The Bank in 1797 Early business - the Bank moves
The Court of Directors responsible for the management of the Bank had as its first Governor Sir John Houblon, grandson of a French Huguenot refugee and a prominent city merchant. (His portrait appears on the reverse of the series E £50 note issued in 1994.) The Bank's early years were dominated by the Government's pressing demands for finance and the issue of a new coinage. The Bank also embarked upon a conventional banking business, accepting deposits and discounting bills. As evidence of deposits placed with it the Bank issued banknotes, initially in odd sums, with pounds, shilling and pence, but later in round amounts.

The Bank's notes became a widely accepted currency; people seldom doubted that the "promise to pay" (which then referred to gold coin of the realm) would be honoured. The Bank's connection with Government, the scale of its private banking business, and its position at the heart of the growing financial system of the City of London, made the Bank the national treasure house and the leading commercial bank of the day.

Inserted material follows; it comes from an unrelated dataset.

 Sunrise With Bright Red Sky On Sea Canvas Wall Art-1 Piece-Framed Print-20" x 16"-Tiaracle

In 1780 the Bank was threatened by a mob during the Gordon Riots, and the Government agreed to provide an overnight military guard or "picquet" for the Bank. This was not discontinued until 1973.

3

The Bank in 1850Debt and inflation
The national debt increased steadily during the eighteenth century, from £12mn in 1700 to £850mn by the end of the Napoleonic wars. Those wars put great strain on the nation's finances and in 1797 the drain on the Bank's gold reserves made it necessary to stop paying out gold in exchange for the Bank's notes. This "Restriction Period" lasted until 1821, and during it the Bank issued £1 and £2 notes for the first time to compensate for the shortage of coin. This contributed to a general increase in prices, and there was a severe slump after the wars when financial discipline was restored. The low denomination notes also proved extremely tempting to counterfeiters, and over 300 people were hanged during the Restriction Period for counterfeiting Bank of England notes.

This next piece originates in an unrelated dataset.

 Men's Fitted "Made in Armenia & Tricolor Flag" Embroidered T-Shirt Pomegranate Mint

The Bank was not the only issuer of notes at the time. Many "country" banks, as well as banks in Scotland and Ireland, issued their own banknotes. But these country banks were prone to failure, especially in the difficult trading conditions in the 1820s and 1830s, and to meet the demand for a sound currency the Bank began, from 1828 onwards, to open branches of its own in provincial towns.

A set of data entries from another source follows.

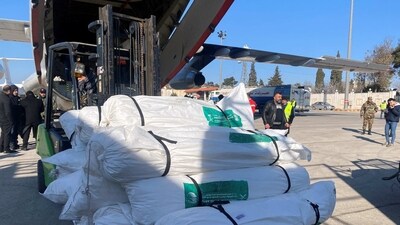 Saudi aid plane lands in Aleppo, in the aftermath of a deadly earthquake, Syria. (REUTERS)
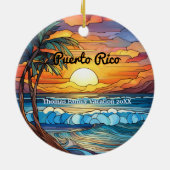Custom Family Puerto Rico Trip Imitate aus festem Keramik Ornament (Hinten)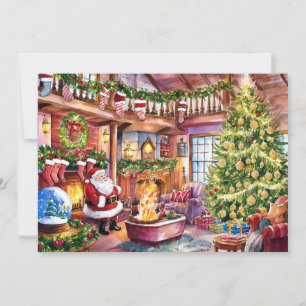 Festiva Tarjeta de Navidades de acuarela clásica #6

The 1844 Charter - sound money
In 1844 - 150 years after the Bank's foundation - a major step was taken to put the currency on a sound footing. The Bank Charter Act of that year gave the Bank a formal monopoly of the note issue in England and Wales, and a related measure required the Scottish banks, which continued to issue their own notes, to back these with holdings of Bank of England notes. As this measure took effect, the Bank became the sole monetary authority for the United Kingdom. But there was an important proviso. Mindful of the inflation that could result from the unrestrained issue of banknotes - the Restriction Period was still fresh in people's minds - the Act prevented the Bank from issuing new notes that were not matched by an increase in its gold reserve. The "fiduciary" issue - that is, the part of the note issue not backed by gold - was frozen at its 1844 level. And to make the status of the currency more visible, the Bank was required to publish a separate balance sheet for its note issuing activities; this separation of "issue" from "banking" continues in the Bank's accounts to the present day. The profits of the note issue were to be paid direct to the Treasury.

4

The Bank in the 1890'sThe nineteenth century - banker to the banks
The 1844 Act gave the Bank the note issue, and the nation a sound currency. But it placed, in effect, a limitation on the Bank's ability to develop its commercial business, and during the nineteenth century it was overtaken in size by the great joint-stock deposit banks which emerged from a series of amalgamations. The Bank chose not to compete directly with these joint-stock, or clearing banks, but to develop its role as the central bank: the guardian of the gold reserve, the supplier of liquidity of last resort. In a succession of banking crises - notably those involving Overend and Gurney in 1866 and Barings in 1890 - the Bank established the concept of lender of last resort - the ultimate reserve of the banking system. When the need arose, it would mobilise its own resources - and those of the City - when a financial crisis at a single bank threatened to spill over into the financial system as a whole. And it would routinely use this leverage over the banking system's liquidity - the ability to supply money to the banks when no-one else could - to set interest rates in London at what it judged to be the right level. While the gold standard was in place the choice of interest rate was constrained - the Bank had to set rates high enough to maintain its gold holdings. Later the choice of rate would become more a matter of discretion. Thus the two main elements of modern central banking were in place.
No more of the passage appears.